Work required: The response should consist of the data reproduced word for word.

Segment Open

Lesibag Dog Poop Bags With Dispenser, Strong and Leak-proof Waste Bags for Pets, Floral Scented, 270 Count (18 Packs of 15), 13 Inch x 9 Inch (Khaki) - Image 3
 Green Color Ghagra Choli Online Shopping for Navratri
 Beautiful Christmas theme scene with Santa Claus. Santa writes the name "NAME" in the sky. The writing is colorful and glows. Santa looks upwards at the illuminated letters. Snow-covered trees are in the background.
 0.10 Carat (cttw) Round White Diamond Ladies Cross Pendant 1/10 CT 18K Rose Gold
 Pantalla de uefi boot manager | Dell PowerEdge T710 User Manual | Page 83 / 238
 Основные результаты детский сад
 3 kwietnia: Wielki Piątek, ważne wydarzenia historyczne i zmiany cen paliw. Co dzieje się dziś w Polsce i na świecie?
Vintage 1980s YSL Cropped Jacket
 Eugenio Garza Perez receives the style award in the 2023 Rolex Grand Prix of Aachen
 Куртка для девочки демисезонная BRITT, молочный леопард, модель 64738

Segment Closed

Result of the task:
Lesibag Dog Poop Bags With Dispenser, Strong and Leak-proof Waste Bags for Pets, Floral Scented, 270 Count (18 Packs of 15), 13 Inch x 9 Inch (Khaki) - Image 3
 Green Color Ghagra Choli Online Shopping for Navratri
 Beautiful Christmas theme scene with Santa Claus. Santa writes the name "NAME" in the sky. The writing is colorful and glows. Santa looks upwards at the illuminated letters. Snow-covered trees are in the background.
 0.10 Carat (cttw) Round White Diamond Ladies Cross Pendant 1/10 CT 18K Rose Gold
 Pantalla de uefi boot manager | Dell PowerEdge T710 User Manual | Page 83 / 238
 Основные результаты детский сад
 3 kwietnia: Wielki Piątek, ważne wydarzenia historyczne i zmiany cen paliw. Co dzieje się dziś w Polsce i na świecie?
Vintage 1980s YSL Cropped Jacket
 Eugenio Garza Perez receives the style award in the 2023 Rolex Grand Prix of Aachen
 Куртка для девочки демисезонная BRITT, молочный леопард, модель 64738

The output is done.